Your task is to repeat exactly the lines below between the line holding "Armirni trak Wedi" and the line holding "False Hero Has", inclusive, and only those.

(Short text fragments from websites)
_ _ _ _ _ _ _
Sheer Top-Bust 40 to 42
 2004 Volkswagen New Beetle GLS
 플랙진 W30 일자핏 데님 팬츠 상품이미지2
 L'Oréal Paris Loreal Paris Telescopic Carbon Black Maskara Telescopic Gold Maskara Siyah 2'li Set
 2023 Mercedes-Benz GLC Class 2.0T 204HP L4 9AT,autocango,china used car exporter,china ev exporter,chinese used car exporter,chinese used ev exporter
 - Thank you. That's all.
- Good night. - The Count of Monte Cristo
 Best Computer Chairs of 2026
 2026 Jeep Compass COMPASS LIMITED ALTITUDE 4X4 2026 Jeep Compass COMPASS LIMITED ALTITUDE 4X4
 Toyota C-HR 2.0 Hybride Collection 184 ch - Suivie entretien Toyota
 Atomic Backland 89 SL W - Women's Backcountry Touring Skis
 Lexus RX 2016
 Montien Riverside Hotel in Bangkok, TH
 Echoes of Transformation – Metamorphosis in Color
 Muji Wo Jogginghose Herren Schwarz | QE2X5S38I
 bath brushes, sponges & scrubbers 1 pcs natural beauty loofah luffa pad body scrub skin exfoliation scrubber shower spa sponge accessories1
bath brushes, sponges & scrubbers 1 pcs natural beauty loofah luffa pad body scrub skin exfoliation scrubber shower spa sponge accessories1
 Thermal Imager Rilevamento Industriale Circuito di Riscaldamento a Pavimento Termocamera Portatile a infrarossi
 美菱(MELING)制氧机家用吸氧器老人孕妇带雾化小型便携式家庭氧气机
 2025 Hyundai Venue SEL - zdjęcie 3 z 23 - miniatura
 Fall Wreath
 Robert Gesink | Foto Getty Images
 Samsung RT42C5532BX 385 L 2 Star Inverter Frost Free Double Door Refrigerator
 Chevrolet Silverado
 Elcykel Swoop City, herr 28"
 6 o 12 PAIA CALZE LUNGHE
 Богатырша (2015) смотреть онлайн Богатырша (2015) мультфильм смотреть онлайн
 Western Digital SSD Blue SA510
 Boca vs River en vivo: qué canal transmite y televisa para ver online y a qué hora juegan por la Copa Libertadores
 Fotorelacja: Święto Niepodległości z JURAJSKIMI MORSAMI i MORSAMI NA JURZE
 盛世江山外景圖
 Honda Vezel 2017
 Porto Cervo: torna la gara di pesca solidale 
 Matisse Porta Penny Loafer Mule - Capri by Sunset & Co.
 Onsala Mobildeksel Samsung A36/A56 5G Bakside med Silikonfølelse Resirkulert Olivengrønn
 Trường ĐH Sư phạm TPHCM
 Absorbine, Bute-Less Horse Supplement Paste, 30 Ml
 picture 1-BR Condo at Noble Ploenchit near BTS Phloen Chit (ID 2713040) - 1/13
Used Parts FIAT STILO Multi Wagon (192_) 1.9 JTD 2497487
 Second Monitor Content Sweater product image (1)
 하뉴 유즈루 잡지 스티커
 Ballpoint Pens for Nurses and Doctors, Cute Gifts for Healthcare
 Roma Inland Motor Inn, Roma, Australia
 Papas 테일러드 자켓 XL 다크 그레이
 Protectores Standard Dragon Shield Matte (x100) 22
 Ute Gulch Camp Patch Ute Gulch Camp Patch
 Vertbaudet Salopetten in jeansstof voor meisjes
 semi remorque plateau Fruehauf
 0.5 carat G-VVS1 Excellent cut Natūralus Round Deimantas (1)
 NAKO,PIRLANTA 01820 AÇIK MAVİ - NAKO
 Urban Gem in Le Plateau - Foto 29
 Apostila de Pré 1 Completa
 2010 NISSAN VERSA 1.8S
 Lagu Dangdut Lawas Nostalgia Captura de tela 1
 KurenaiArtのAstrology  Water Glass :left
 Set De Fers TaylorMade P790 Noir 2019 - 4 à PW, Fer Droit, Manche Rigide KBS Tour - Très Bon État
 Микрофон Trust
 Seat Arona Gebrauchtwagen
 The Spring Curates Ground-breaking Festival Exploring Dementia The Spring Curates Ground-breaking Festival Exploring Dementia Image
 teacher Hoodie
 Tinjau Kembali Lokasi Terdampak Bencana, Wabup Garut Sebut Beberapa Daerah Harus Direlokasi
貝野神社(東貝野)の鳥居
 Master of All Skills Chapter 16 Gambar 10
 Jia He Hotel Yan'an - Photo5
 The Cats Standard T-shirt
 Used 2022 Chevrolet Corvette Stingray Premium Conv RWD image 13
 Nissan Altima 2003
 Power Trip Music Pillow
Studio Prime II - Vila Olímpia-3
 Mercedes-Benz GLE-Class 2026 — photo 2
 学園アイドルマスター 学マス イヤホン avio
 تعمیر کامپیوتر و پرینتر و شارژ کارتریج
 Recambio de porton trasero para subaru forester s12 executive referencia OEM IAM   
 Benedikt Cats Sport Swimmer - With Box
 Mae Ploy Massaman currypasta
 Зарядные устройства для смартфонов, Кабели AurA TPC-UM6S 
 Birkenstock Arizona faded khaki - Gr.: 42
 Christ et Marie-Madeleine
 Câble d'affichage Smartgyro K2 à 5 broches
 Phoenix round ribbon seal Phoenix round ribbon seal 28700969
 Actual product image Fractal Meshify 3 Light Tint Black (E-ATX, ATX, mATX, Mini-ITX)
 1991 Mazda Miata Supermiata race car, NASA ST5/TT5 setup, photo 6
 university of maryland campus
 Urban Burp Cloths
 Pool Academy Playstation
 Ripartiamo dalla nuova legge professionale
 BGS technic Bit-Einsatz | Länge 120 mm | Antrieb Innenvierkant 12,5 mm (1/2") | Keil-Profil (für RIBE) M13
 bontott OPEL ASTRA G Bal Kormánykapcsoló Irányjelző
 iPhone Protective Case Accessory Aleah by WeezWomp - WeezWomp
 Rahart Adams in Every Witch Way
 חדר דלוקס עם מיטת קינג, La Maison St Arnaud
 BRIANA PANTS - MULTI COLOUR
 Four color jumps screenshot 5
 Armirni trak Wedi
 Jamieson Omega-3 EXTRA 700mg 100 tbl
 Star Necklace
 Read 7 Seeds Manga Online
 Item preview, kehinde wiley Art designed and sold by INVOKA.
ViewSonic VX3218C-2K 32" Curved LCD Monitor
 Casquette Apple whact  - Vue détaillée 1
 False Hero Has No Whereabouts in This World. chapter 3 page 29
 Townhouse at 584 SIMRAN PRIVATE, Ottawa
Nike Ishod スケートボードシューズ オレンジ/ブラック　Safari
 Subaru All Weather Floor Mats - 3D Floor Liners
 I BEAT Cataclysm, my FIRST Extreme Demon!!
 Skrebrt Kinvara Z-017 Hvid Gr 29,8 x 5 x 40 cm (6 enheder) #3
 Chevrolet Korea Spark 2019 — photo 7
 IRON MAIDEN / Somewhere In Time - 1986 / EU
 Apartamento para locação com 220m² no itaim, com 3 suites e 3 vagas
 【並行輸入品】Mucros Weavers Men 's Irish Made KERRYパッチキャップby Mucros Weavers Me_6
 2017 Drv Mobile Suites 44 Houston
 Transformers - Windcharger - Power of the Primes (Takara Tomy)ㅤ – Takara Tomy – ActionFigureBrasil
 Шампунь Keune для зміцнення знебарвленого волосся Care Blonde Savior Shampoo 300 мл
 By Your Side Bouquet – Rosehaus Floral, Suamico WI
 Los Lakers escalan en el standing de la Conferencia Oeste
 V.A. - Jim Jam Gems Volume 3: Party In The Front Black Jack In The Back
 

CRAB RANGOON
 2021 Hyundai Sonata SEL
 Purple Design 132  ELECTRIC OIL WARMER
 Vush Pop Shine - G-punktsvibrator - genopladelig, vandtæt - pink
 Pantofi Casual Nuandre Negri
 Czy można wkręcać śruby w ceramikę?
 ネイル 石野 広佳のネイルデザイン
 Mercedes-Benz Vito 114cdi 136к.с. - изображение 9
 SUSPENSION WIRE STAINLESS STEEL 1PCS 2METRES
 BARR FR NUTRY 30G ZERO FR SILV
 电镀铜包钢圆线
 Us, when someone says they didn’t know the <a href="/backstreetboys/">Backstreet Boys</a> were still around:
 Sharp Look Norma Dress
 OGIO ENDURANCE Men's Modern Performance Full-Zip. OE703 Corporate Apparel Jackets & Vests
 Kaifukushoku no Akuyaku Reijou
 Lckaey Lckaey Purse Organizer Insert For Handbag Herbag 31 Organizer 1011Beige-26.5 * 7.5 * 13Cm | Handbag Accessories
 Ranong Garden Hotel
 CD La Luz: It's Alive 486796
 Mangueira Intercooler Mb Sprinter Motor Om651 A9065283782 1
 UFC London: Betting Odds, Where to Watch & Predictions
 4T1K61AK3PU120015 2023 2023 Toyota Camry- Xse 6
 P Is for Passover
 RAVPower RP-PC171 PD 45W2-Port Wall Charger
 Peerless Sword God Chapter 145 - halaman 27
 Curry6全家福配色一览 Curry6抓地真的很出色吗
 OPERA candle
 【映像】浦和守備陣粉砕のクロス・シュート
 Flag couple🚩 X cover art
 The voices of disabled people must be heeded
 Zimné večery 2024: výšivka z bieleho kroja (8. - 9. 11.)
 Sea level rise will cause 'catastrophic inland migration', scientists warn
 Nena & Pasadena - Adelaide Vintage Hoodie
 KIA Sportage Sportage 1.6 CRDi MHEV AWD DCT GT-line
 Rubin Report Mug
_ _ _ _ _ _ _
• [YOUR RESPONSE]
 Armirni trak Wedi
 Jamieson Omega-3 EXTRA 700mg 100 tbl
 Star Necklace
 Read 7 Seeds Manga Online
 Item preview, kehinde wiley Art designed and sold by INVOKA.
ViewSonic VX3218C-2K 32" Curved LCD Monitor
 Casquette Apple whact  - Vue détaillée 1
 False Hero Has No Whereabouts in This World. chapter 3 page 29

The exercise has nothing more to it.